● ACTION ITEM: Print the line containing "Image result for Poecile montana" and all lines after it to the end of the records below, exactly as written. No pictures.

● SOURCE DATA:
###

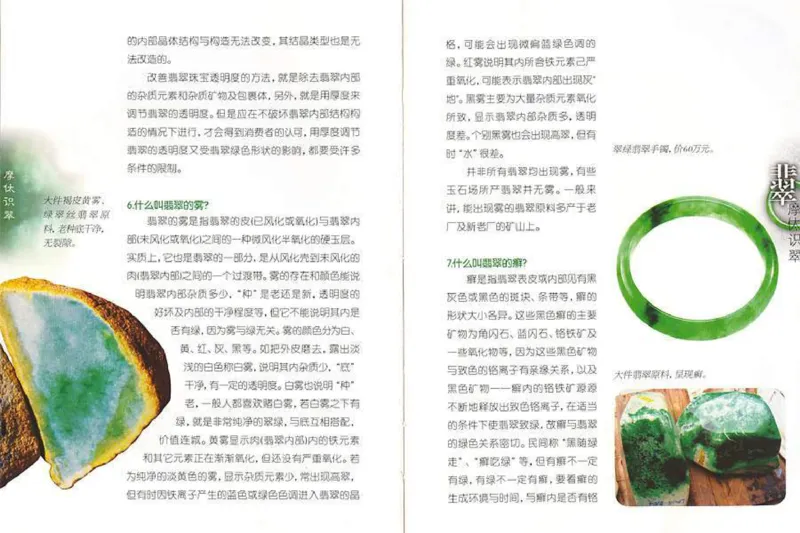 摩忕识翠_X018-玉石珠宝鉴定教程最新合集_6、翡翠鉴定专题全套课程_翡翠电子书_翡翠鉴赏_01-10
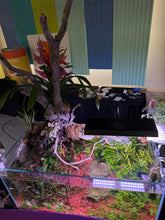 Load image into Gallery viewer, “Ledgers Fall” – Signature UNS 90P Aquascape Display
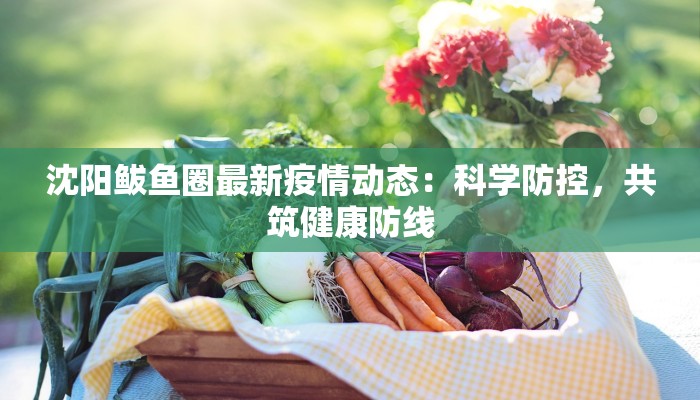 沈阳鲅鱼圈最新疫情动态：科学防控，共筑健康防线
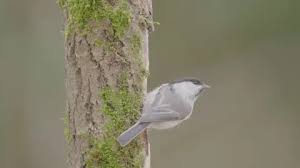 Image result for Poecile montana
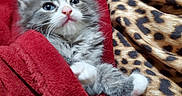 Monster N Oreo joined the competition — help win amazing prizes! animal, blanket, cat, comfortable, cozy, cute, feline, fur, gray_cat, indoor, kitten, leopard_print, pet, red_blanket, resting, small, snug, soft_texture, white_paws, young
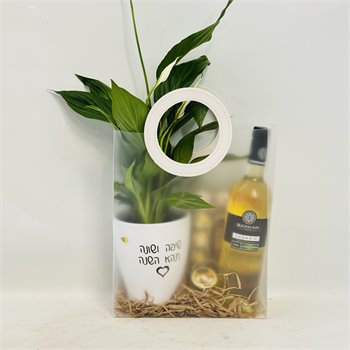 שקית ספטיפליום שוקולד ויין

###

● SOLUTION:
 Image result for Poecile montana
 Monster N Oreo joined the competition — help win amazing prizes! animal, blanket, cat, comfortable, cozy, cute, feline, fur, gray_cat, indoor, kitten, leopard_print, pet, red_blanket, resting, small, snug, soft_texture, white_paws, young
 שקית ספטיפליום שוקולד ויין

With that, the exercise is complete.